“Ô abre alas que as mulheres vão passar: sou feminista não posso negar”. Foi assim com o corpo a avançar em marcha que cerca de cinco mil manifestantes ocuparam as avenidas da capital catarinense, fechando o trânsito, no fim de tarde e início da noite dessa segunda-feira (9). Pela primeira vez, não houve presença da Polícia Militar na organização do fluxo de veículos, o que tornou ainda mais desafiadora e simbólica a ocupação dos territórios centrais pelas manifestantes do 8M Greve Internacional de Mulheres.
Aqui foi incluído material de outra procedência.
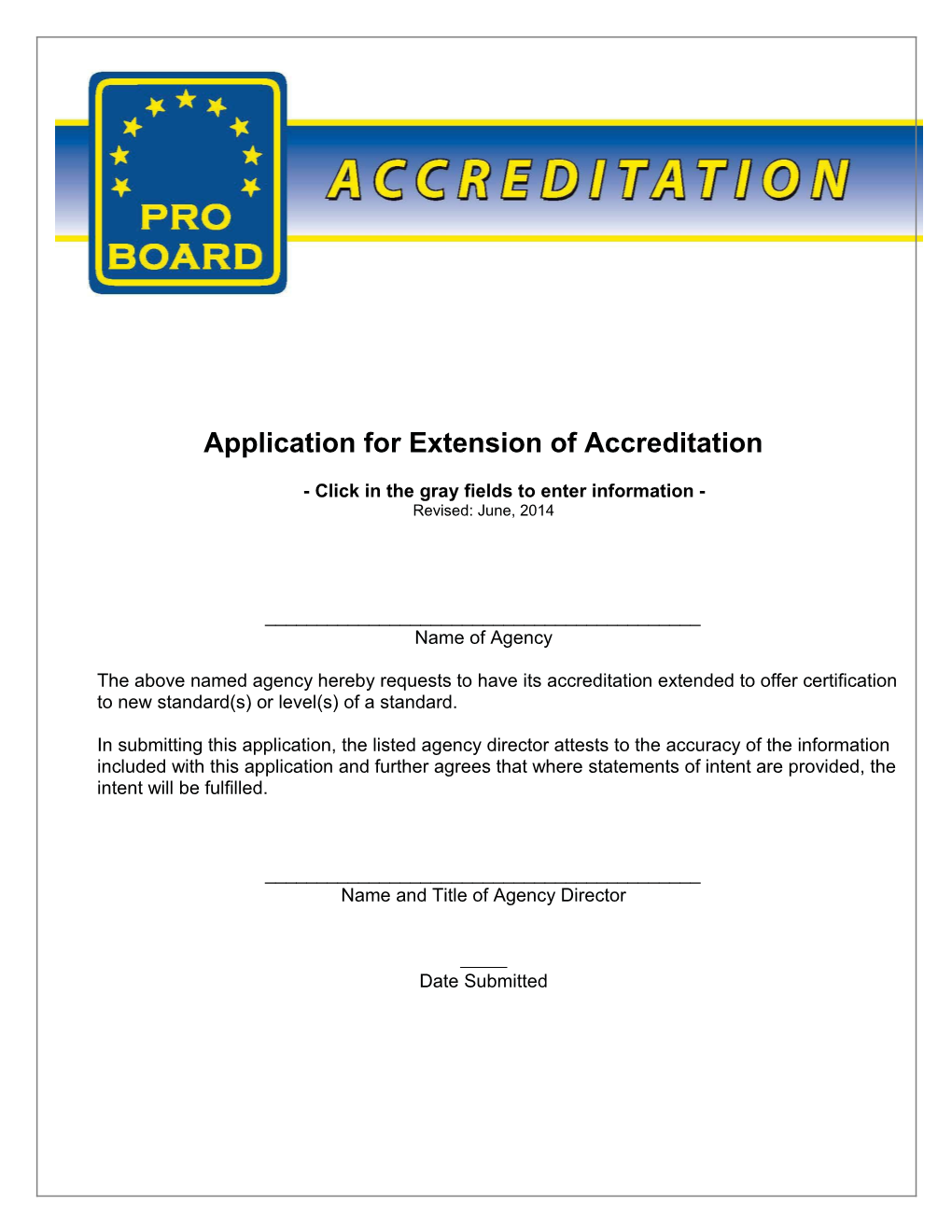 Application for Extension of Accreditation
É o terceiro ano de marcha desde 2017, quando mulheres combativas do Brasil e de vários países aderiram ao movimento. 

Depois de quase seis horas de programação, envolvendo oficinas, rodas de conversa, apresentações político-culturais, tendas temáticas e exposições, a Batucada Feminista da Marcha Mundial de Mulheres (MMM) aqueceu os tambores da concentração para a marcha, por volta das 18h. Toda a instalação do 8M ocorreu no Miramar, monumento que mantém os pilares de um restaurante que ficava sobre o mar, antes do aterro da baía. 
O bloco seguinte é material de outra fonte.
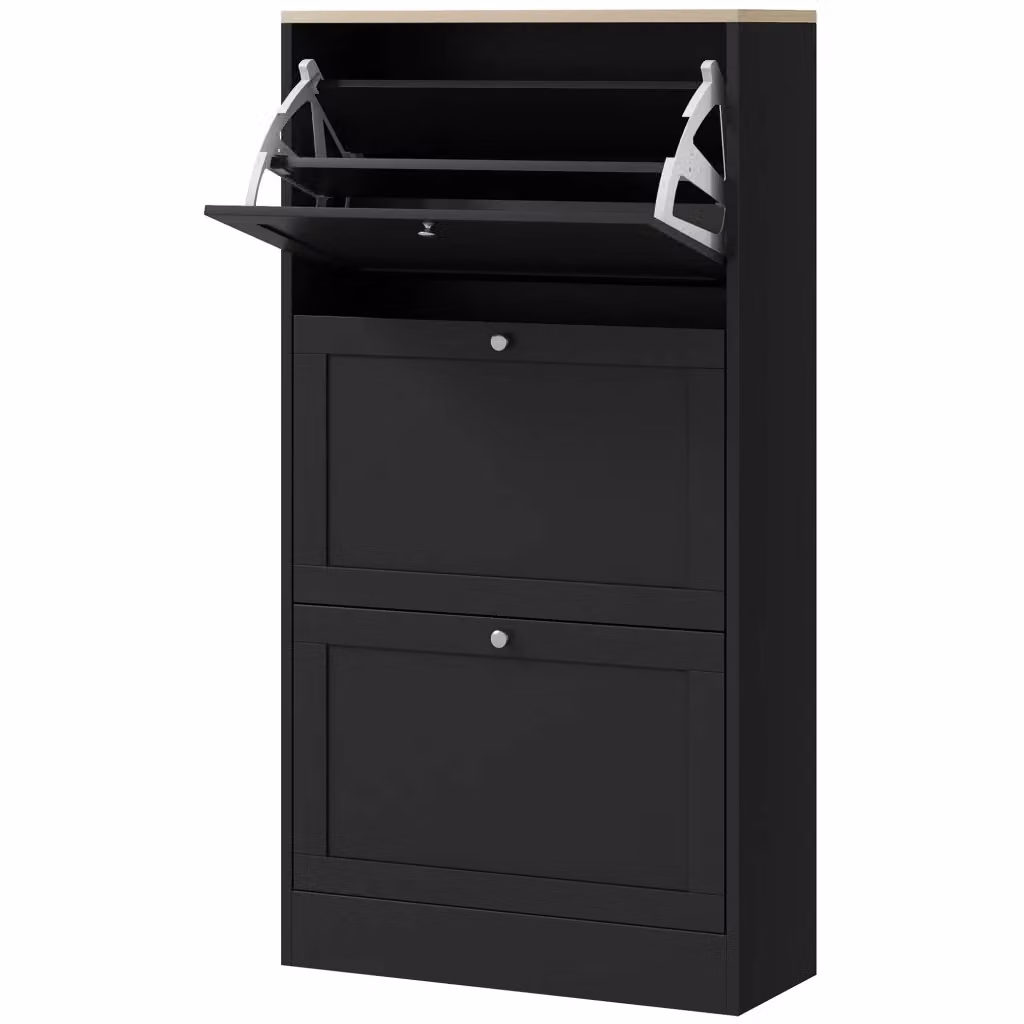 Scarpiera moderna Zephmum nera con cassetti e ripiani, sospesa a parete, L: 60 cm, P: 23,5 cm, H: 115 cm – 2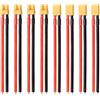 Lyeteung 4 Pairs XT30 Connettore, XT30 Maschio Femmina Battery Connettore con Cavo di Silicone 100mm 14 AWG, per Batteria Lipo, Giallo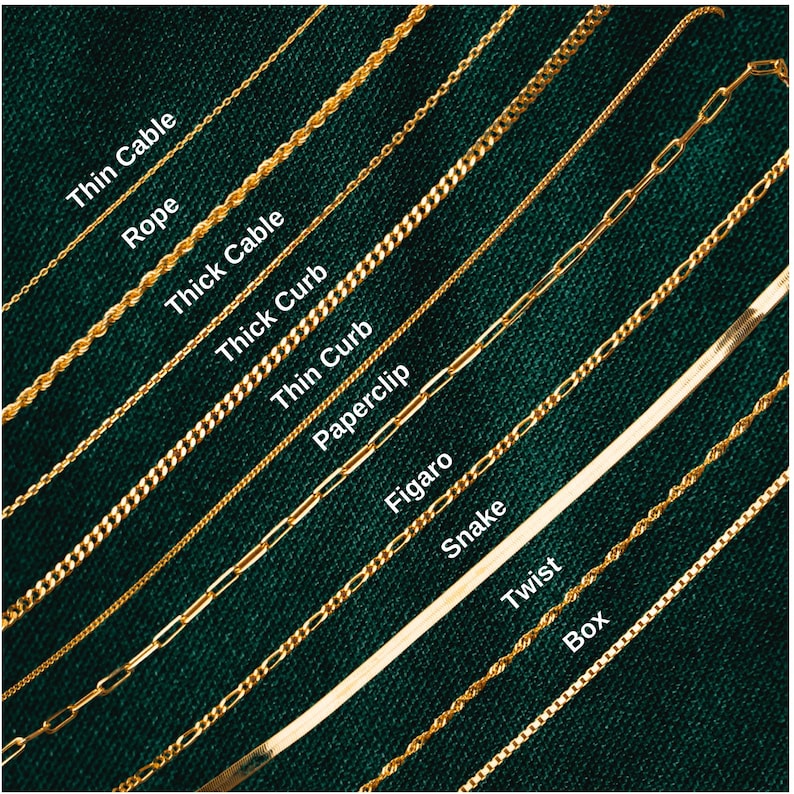 18k Gold Chain Necklace, Thin Chain Necklace, Thick Chain Necklace, Box Chain, Twist Chain, Snake Chain, Curb Chain, Necklace for Women bild 1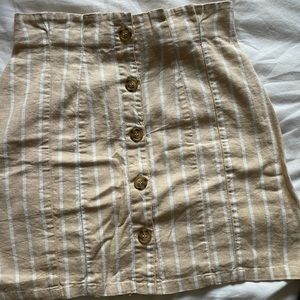 Striped button down skirt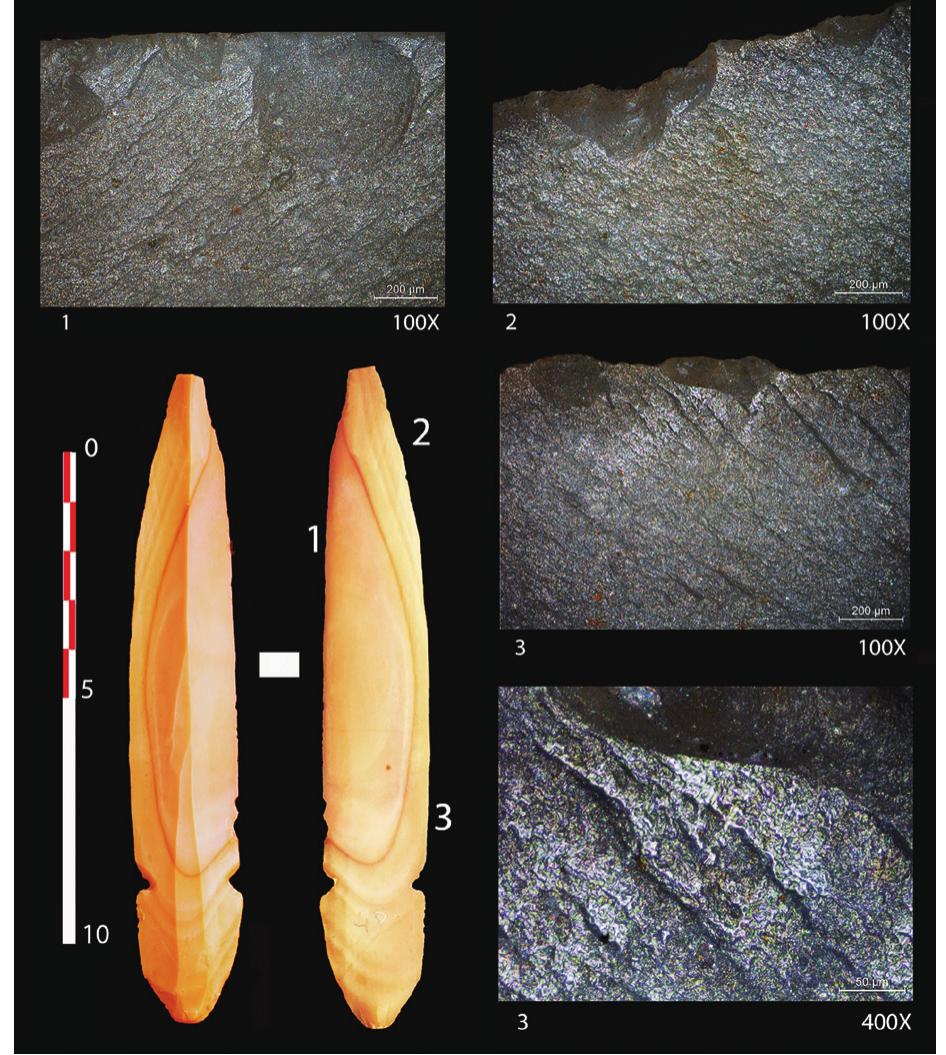 Fig. 10. (1, 2) Nahal Hemar knife found at Kharaysin showing use-wear traces of cutting soft animal tissue; (3) Traces of friction probably related to hafting.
Logo na saída da marcha, as integrantes do Bloco Cores Aidê nos aguardavam no caminho com seus tambores e dança a contagiar as marchantes. A alguns metros nos esperava também o bloco Africatarina com o enredo deste carnaval que traz no refrão o sonoro “Ele não” ao abordar a ocupação dos espaços da cidade pela população de rua, e o repúdio ao fascismo policial e governamental.

Foto: Alice Sima

Na linha de frente da marcha, manifestantes com deficiência, mulheres negras, trans, travestis, lésbicas, bissexuais, moradoras de rua, mães, gordas, e tantas outras identidades que marcam a pluralidade do 8M Greve Internacional de Mulheres. “Estamos aqui representando também. Nós buscamos o direito de ir e vir, direito ao nosso corpo, à reprodução, direito à liberdade, queremos ocupar todos os espaços que as mulheres têm direito”, afirmou Ingrid Medina, mulher com deficiência visual que seguia a marcha acompanhada de uma integrante da Comissão de Acessibilidade do 8M. 

Foto: Alice Sima

Com uma tatuagem do movimento “Não é não!” aplicada na testa, Aline Salles do Movimento Nacional da População de Rua Santa Catarina (MNPR-SC), nos contou que a violência sexual é frequente contra as mulheres que vivem nas ruas. Ela também denunciou a abordagem truculenta das forças policiais. “Nossa luta é por políticas públicas, pela garantia dos nossos espaços. A violência policial é o que mais acontece nas ruas, não há guarda municipal feminina, apanhamos dos homens. Queremos nossos direitos, somos mulheres também”, afirmou.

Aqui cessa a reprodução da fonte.